Items from a data source:

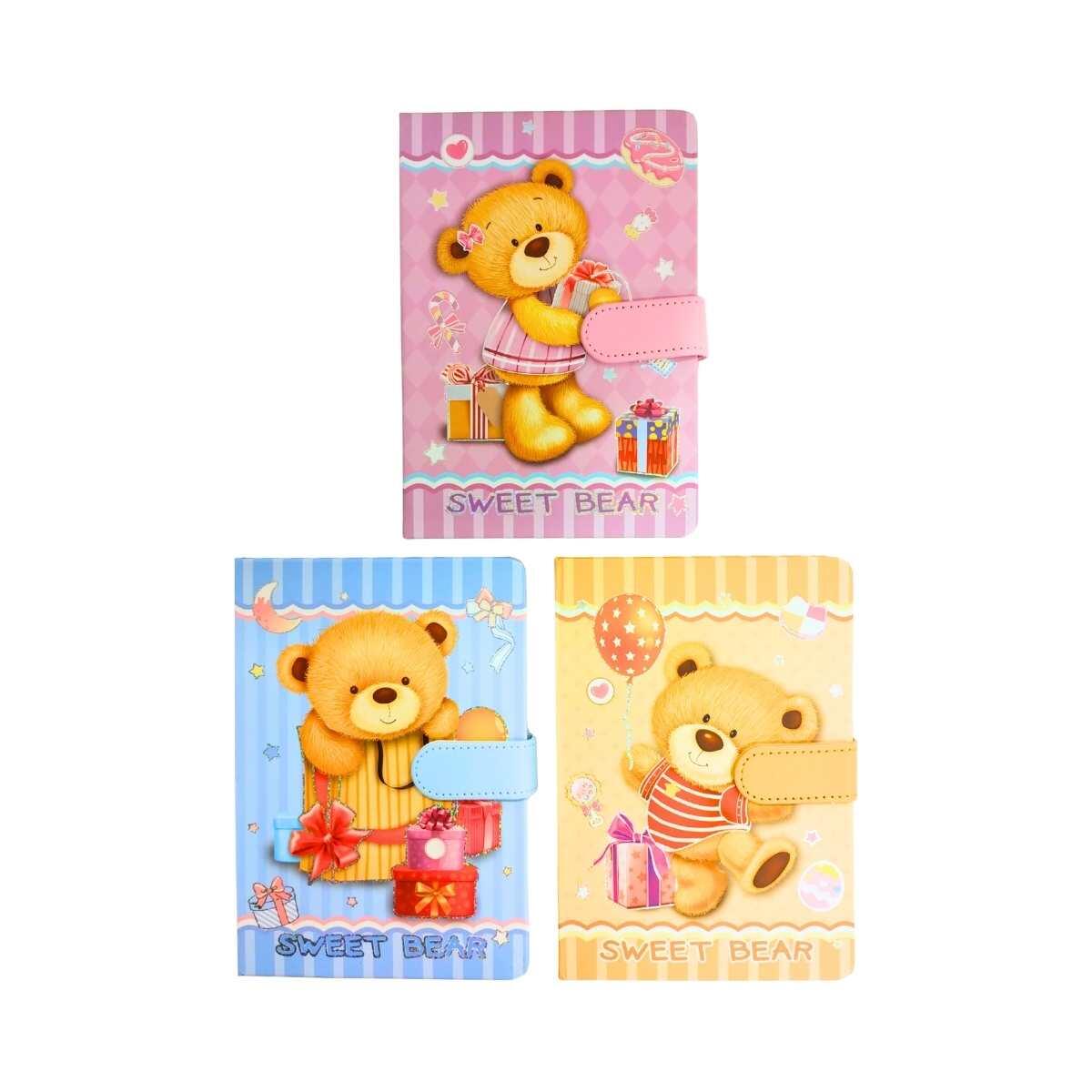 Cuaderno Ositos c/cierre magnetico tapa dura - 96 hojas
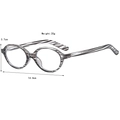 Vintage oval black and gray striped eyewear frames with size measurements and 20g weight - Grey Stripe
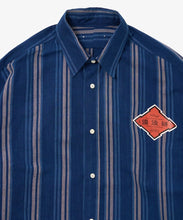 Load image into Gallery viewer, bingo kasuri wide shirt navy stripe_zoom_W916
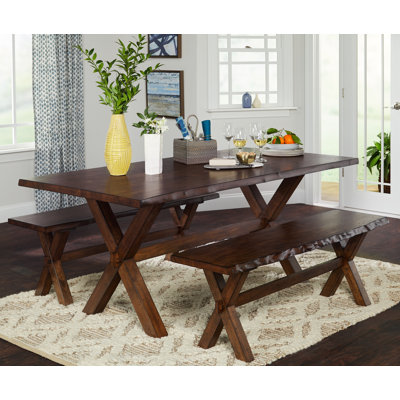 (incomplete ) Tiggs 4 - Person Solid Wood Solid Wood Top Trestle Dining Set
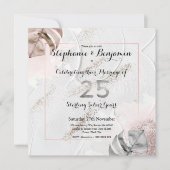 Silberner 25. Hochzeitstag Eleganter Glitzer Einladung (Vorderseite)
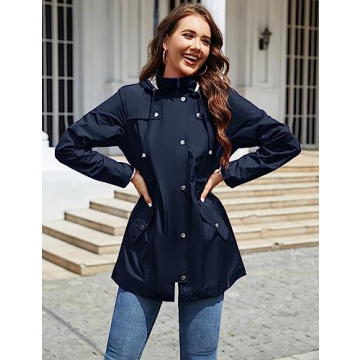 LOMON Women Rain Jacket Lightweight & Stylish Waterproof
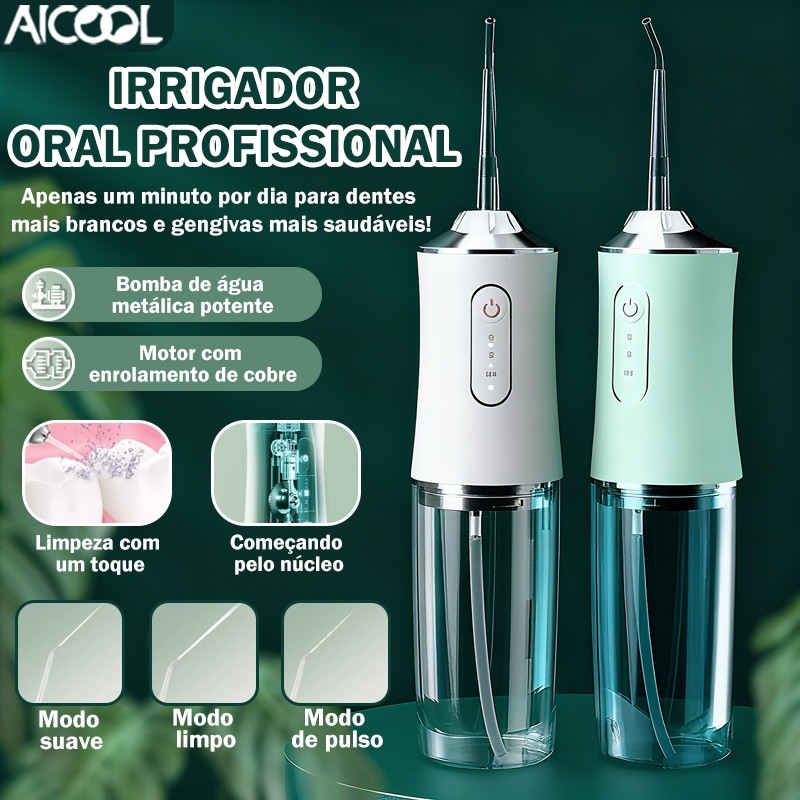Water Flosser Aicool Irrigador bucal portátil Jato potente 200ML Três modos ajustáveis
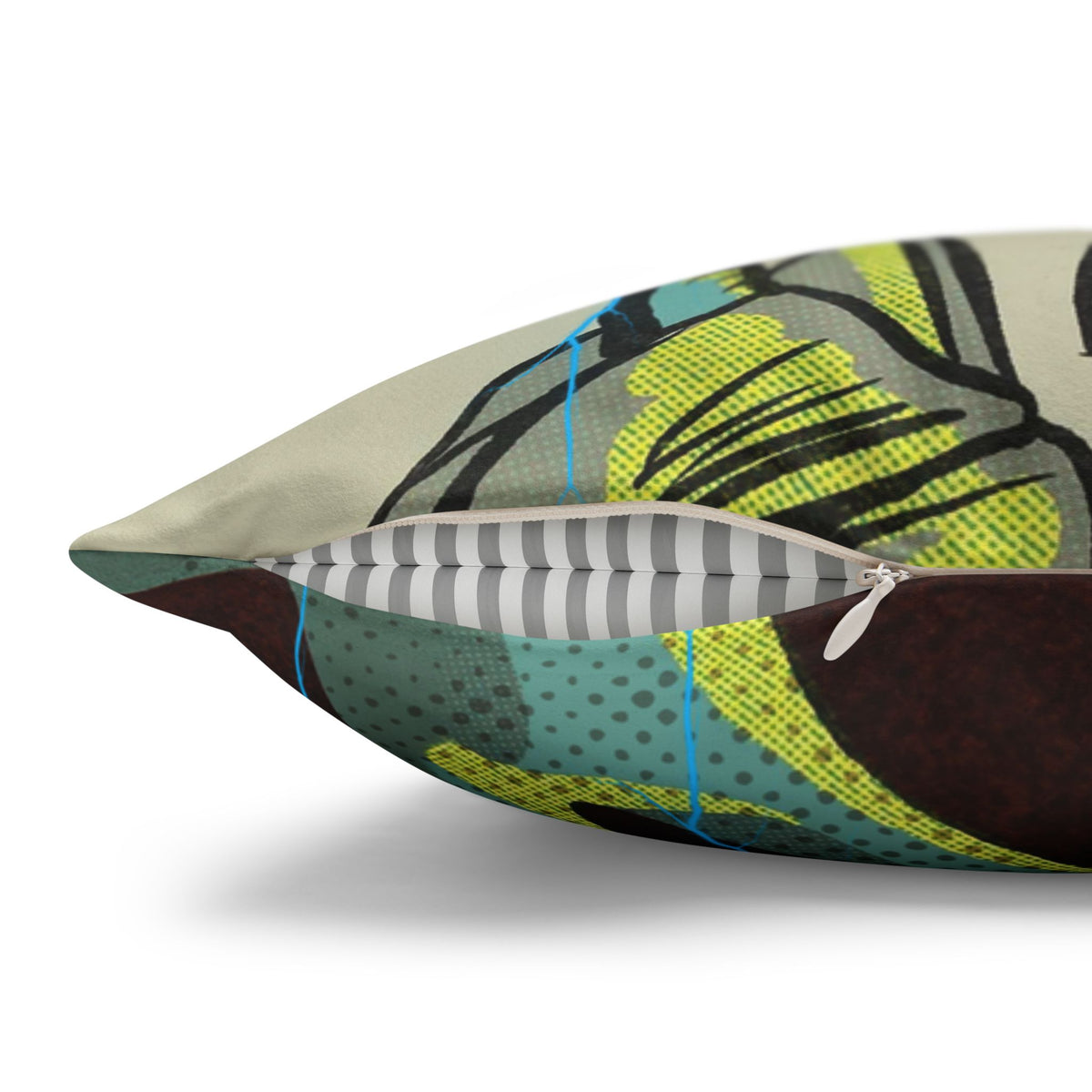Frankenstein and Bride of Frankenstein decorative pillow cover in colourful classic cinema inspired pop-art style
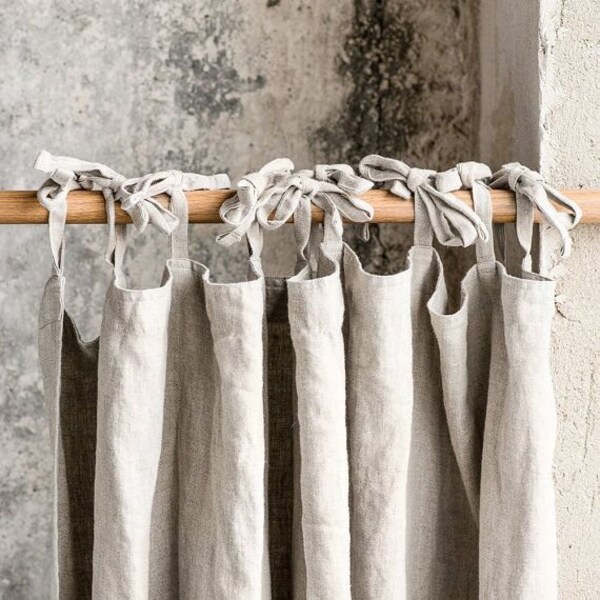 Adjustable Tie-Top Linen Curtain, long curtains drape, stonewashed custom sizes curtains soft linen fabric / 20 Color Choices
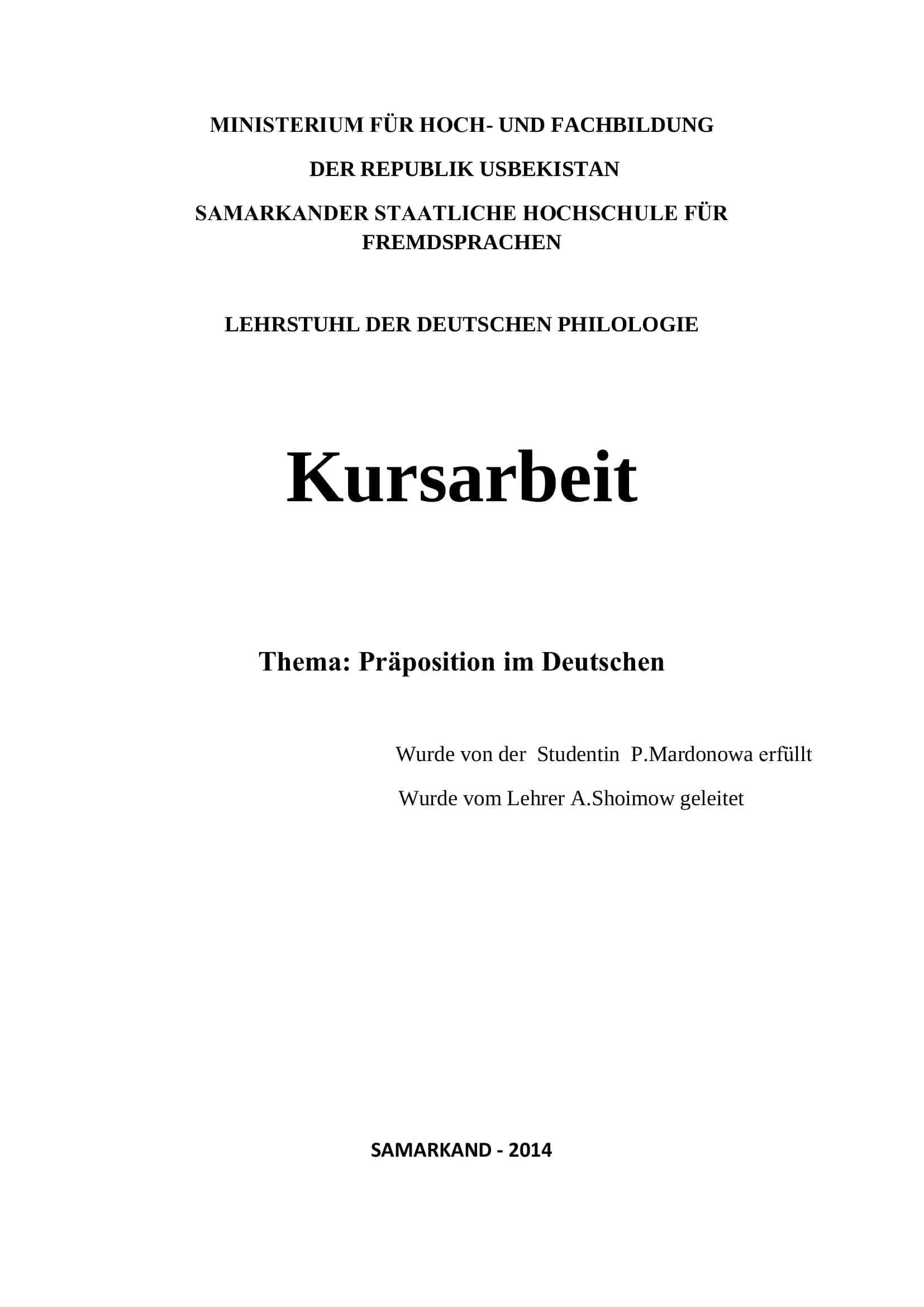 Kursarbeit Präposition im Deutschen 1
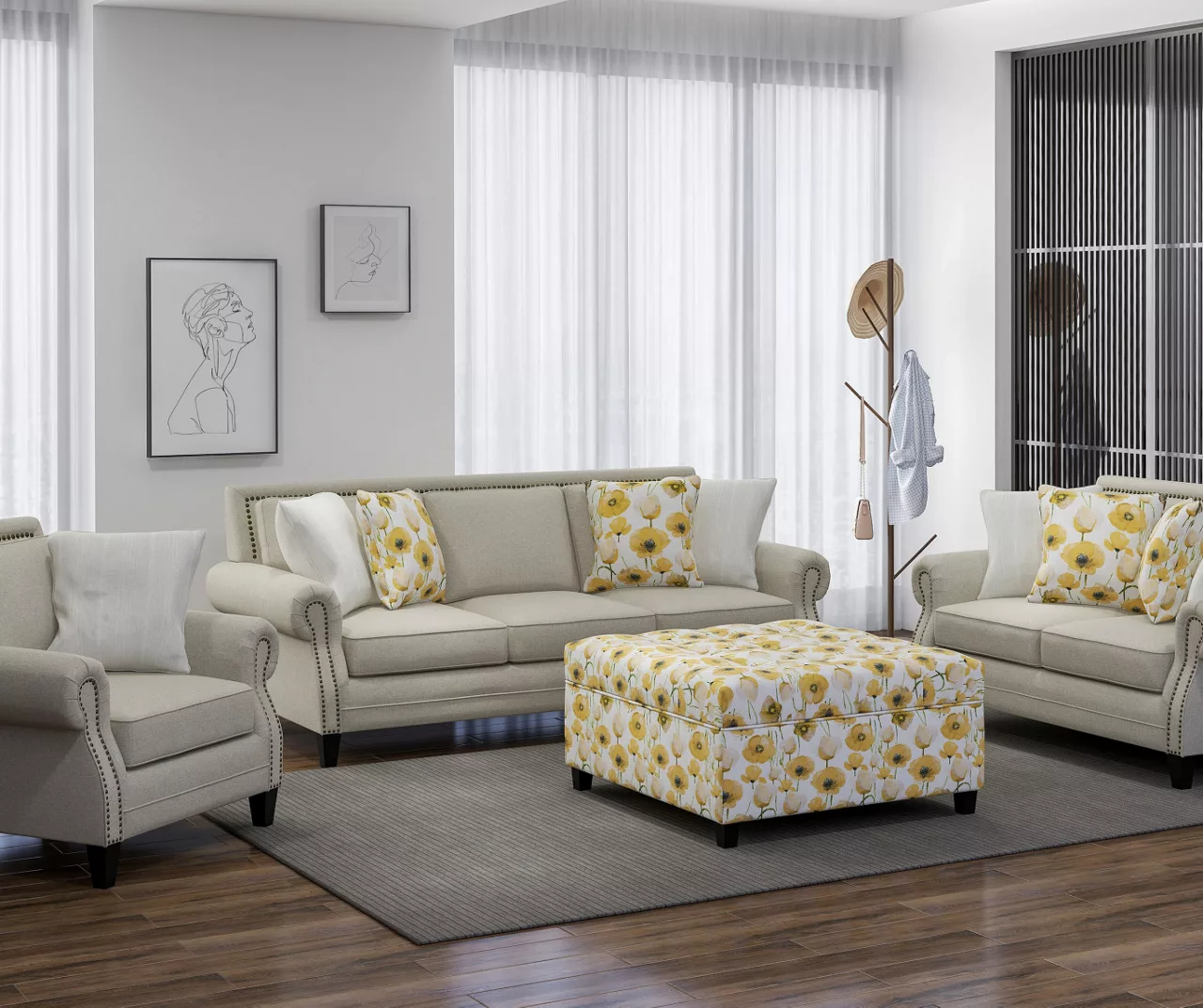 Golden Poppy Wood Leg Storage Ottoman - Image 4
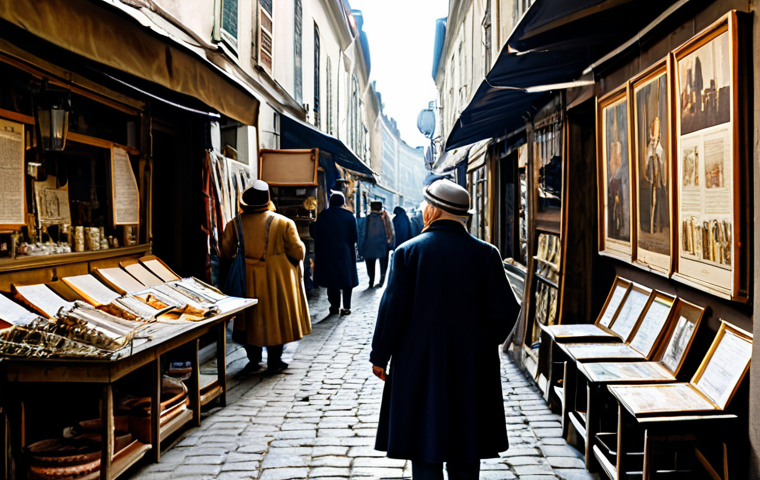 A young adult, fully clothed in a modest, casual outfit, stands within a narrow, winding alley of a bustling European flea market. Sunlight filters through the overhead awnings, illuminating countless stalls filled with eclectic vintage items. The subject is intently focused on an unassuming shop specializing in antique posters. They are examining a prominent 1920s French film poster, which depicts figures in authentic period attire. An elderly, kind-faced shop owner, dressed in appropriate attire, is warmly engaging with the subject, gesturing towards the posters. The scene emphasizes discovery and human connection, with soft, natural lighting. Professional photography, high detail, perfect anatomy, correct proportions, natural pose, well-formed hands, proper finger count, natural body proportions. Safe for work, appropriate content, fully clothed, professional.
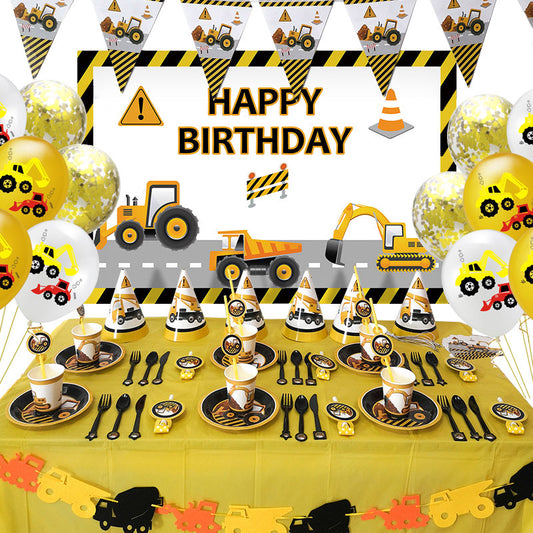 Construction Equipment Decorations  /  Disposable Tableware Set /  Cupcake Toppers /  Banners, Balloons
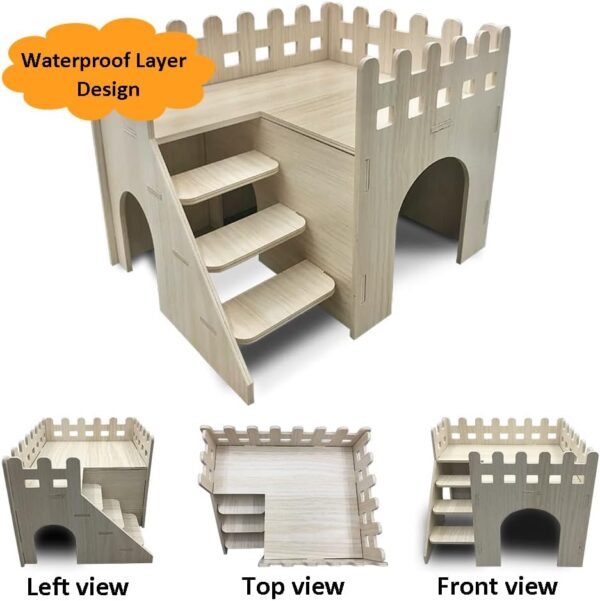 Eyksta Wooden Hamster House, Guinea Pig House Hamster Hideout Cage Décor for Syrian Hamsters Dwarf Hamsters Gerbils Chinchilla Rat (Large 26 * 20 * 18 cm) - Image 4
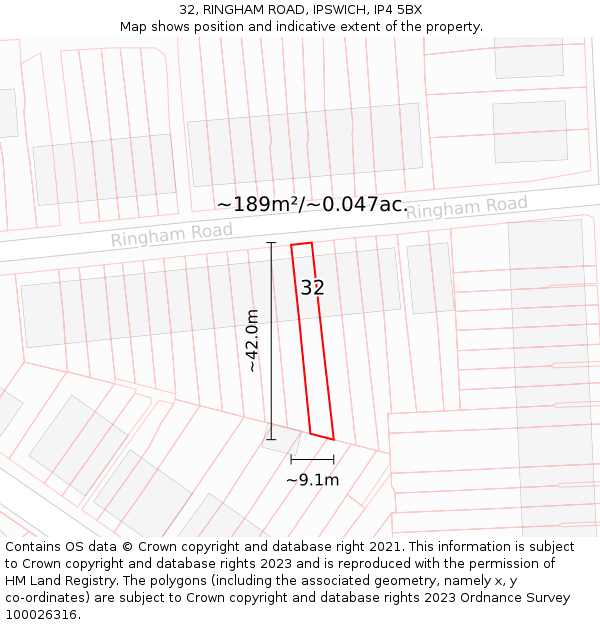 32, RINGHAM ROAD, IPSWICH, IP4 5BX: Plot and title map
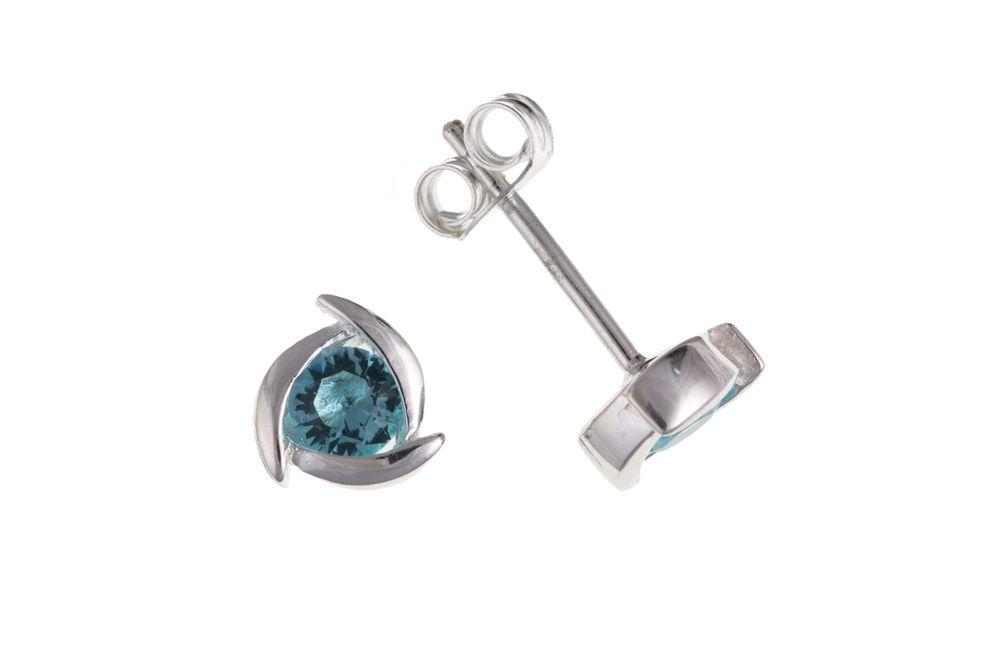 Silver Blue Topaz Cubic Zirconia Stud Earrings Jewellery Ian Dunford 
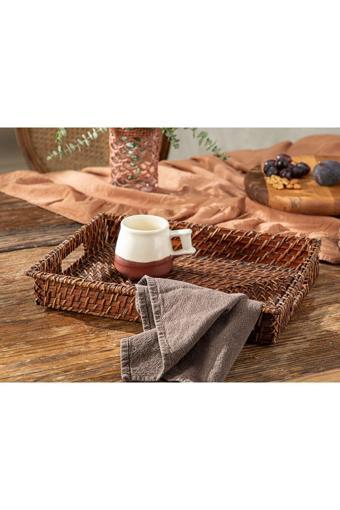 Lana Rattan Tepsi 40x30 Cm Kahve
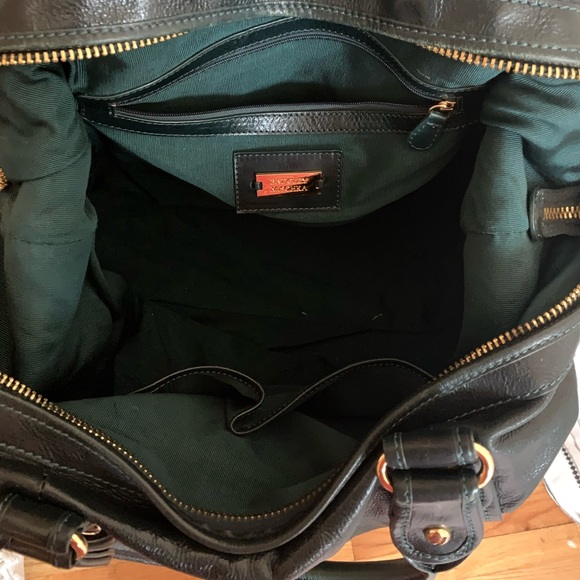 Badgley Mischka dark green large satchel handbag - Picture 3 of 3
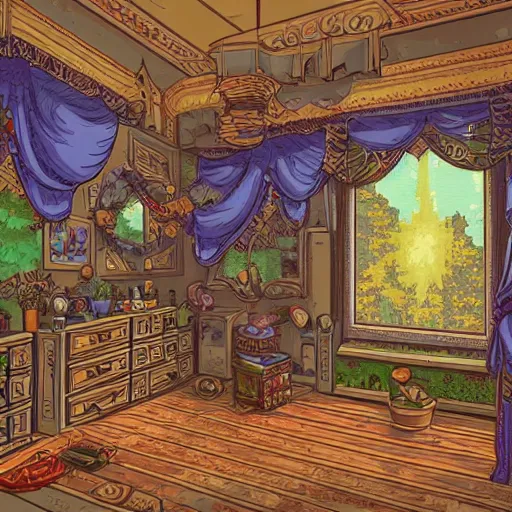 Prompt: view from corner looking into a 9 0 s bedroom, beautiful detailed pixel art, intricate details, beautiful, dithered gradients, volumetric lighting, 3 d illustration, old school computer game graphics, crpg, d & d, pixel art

> _WHAT TO DO_: Using the data above, output the line that has "Silberner 25. Hochzeitstag", the line that has "Eyksta Wooden Hamster", and whatever lines fall between, each exactly as it stands and without pictures.

> _EXERCISE RESULT_:
 Silberner 25. Hochzeitstag Eleganter Glitzer Einladung (Vorderseite)
 LOMON Women Rain Jacket Lightweight & Stylish Waterproof
Water Flosser Aicool Irrigador bucal portátil Jato potente 200ML Três modos ajustáveis
Frankenstein and Bride of Frankenstein decorative pillow cover in colourful classic cinema inspired pop-art style
 Adjustable Tie-Top Linen Curtain, long curtains drape, stonewashed custom sizes curtains soft linen fabric / 20 Color Choices
 Kursarbeit Präposition im Deutschen 1
 Golden Poppy Wood Leg Storage Ottoman - Image 4
 A young adult, fully clothed in a modest, casual outfit, stands within a narrow, winding alley of a bustling European flea market. Sunlight filters through the overhead awnings, illuminating countless stalls filled with eclectic vintage items. The subject is intently focused on an unassuming shop specializing in antique posters. They are examining a prominent 1920s French film poster, which depicts figures in authentic period attire. An elderly, kind-faced shop owner, dressed in appropriate attire, is warmly engaging with the subject, gesturing towards the posters. The scene emphasizes discovery and human connection, with soft, natural lighting. Professional photography, high detail, perfect anatomy, correct proportions, natural pose, well-formed hands, proper finger count, natural body proportions. Safe for work, appropriate content, fully clothed, professional.
 Construction Equipment Decorations  /  Disposable Tableware Set /  Cupcake Toppers /  Banners, Balloons
 Eyksta Wooden Hamster House, Guinea Pig House Hamster Hideout Cage Décor for Syrian Hamsters Dwarf Hamsters Gerbils Chinchilla Rat (Large 26 * 20 * 18 cm) - Image 4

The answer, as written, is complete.